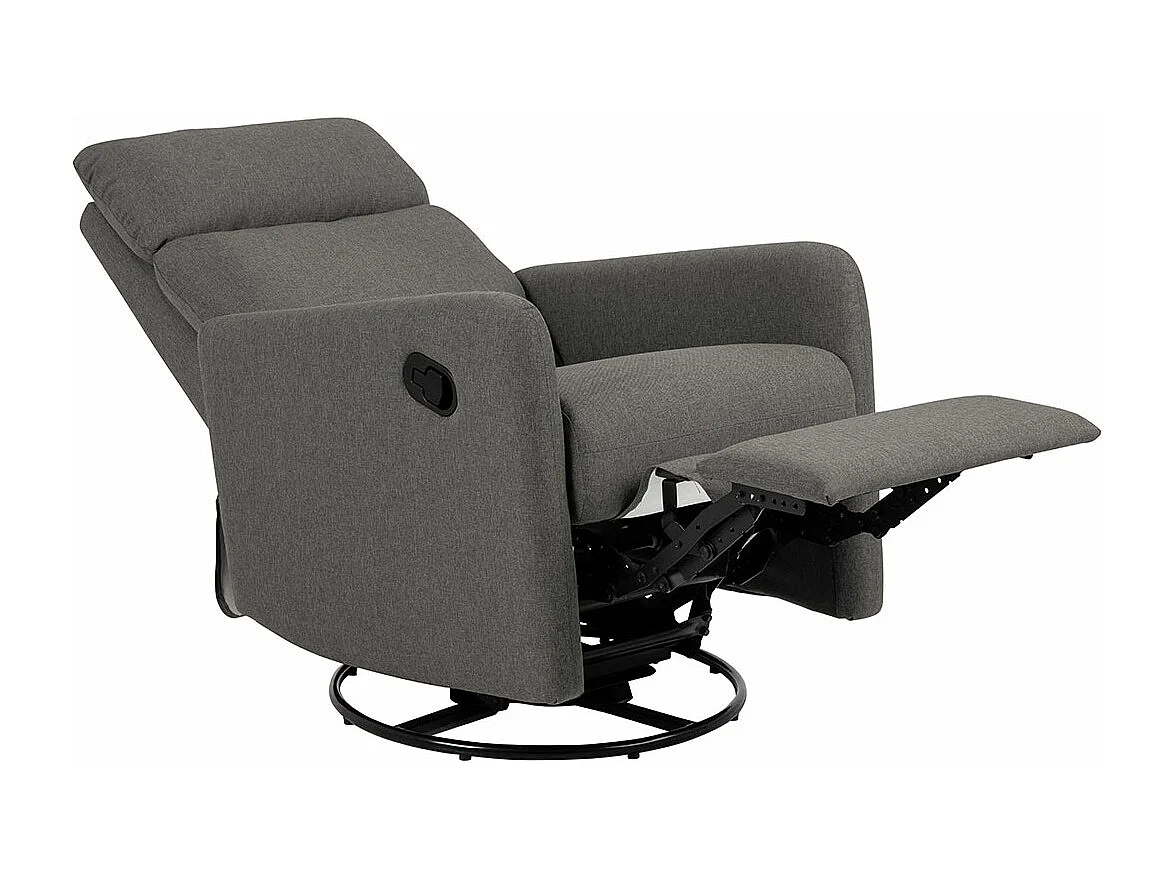 Mikkeli Sessel Recliner Stoff grau.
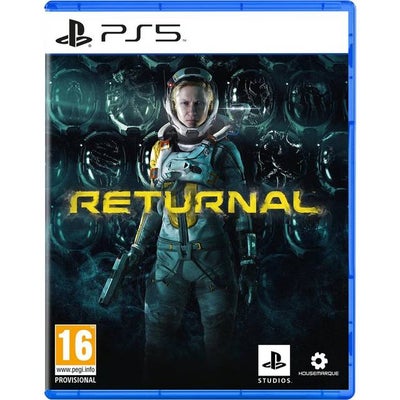 Returnal, PS5, Mega fedt spil, men sælger fordi genren ikke lige er mig. Disken er naturligvis 100% 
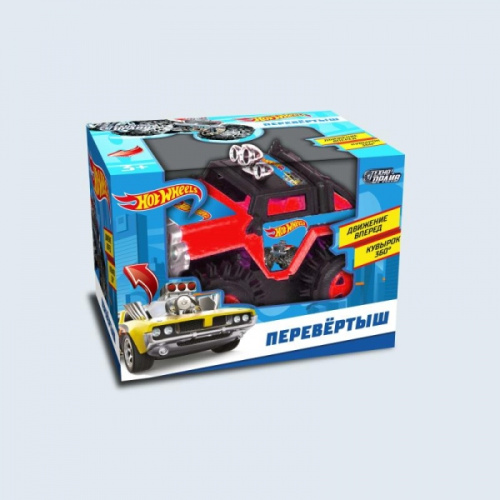 Машина-перевертыш Hot Wheels на батарейках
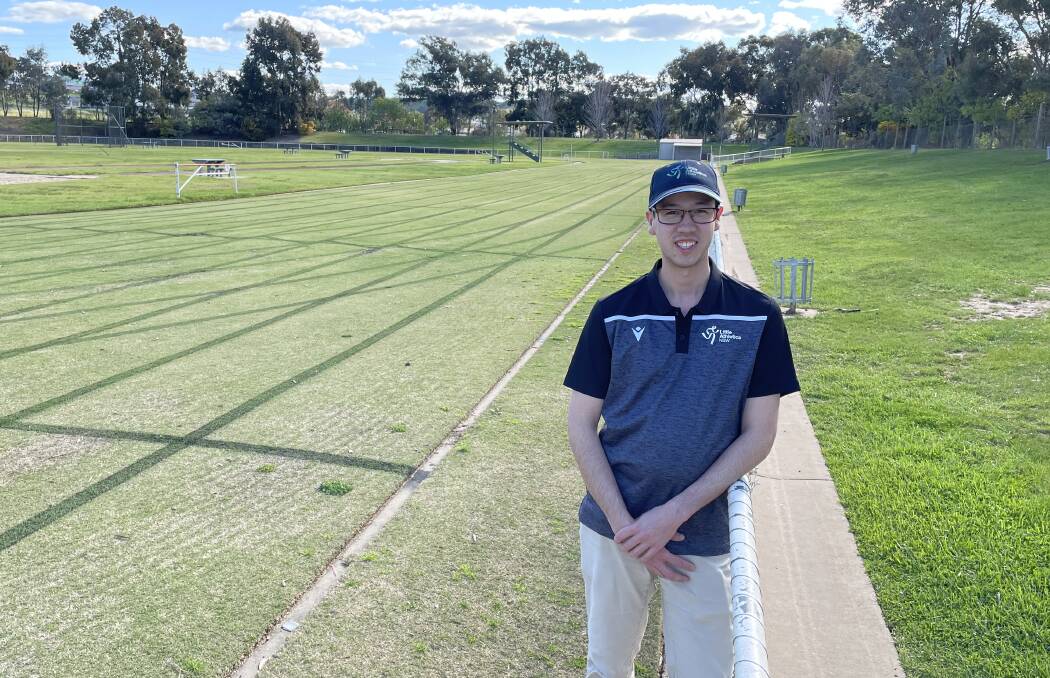 ALL QUIET: Daniel Warren, Little Athletics NSW regional development officer for Riverina, at the Bill Jacob Athletics Centre at Jubilee Park on Tuesday. Picture: Peter Doherty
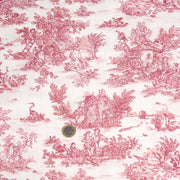 Tissu coton renforcé TOILE DE JOUY grande largeur 280cm : bleu, rouge, vert, gris - OEKO - TEX - TissusPapi.com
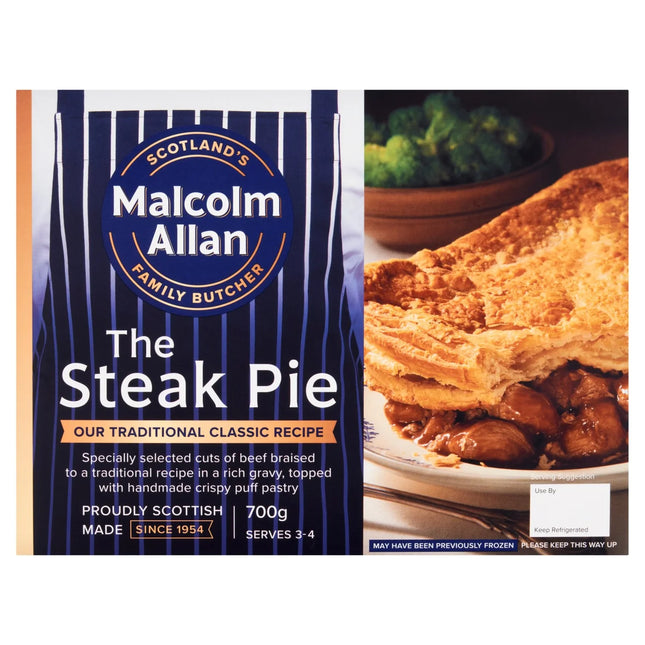Steak Pie Malcolm Allan 1kg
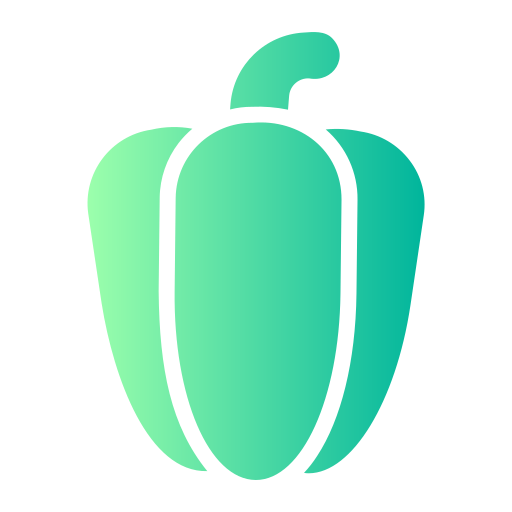 Bell pepper Generic Flat Gradient icon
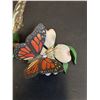 Image 2 : (2) Franklin Mint Collection Butterfly Porcelain Figurines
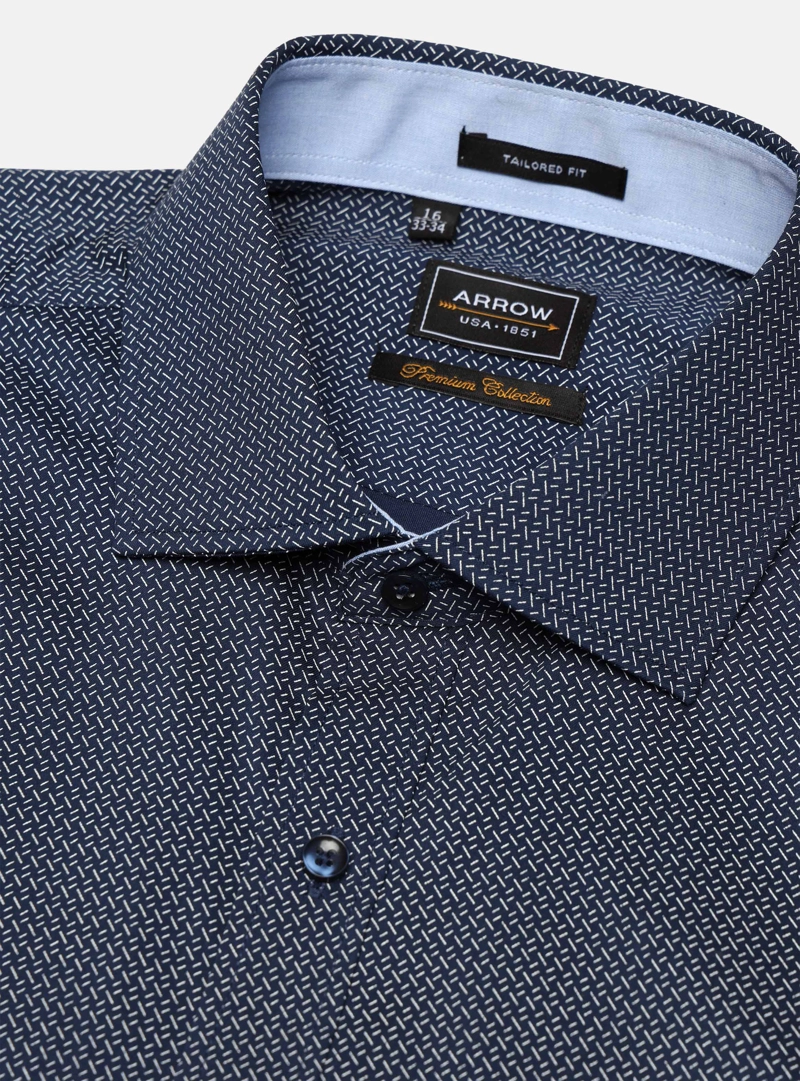 CAMISA FORMAL SPANDEX TAILORED FIT AZUL ARROW - 2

------------------------------------------------

> _DIRECTIONS_: Once the line containing "Bell pepper Generic Flat Gradient icon" is found, transcribe it and every line after it to the end of the records, exactly and with no pictures.

> _PROBLEM SOLUTION_:
 Bell pepper Generic Flat Gradient icon
 Image 2 : (2) Franklin Mint Collection Butterfly Porcelain Figurines
 CAMISA FORMAL SPANDEX TAILORED FIT AZUL ARROW - 2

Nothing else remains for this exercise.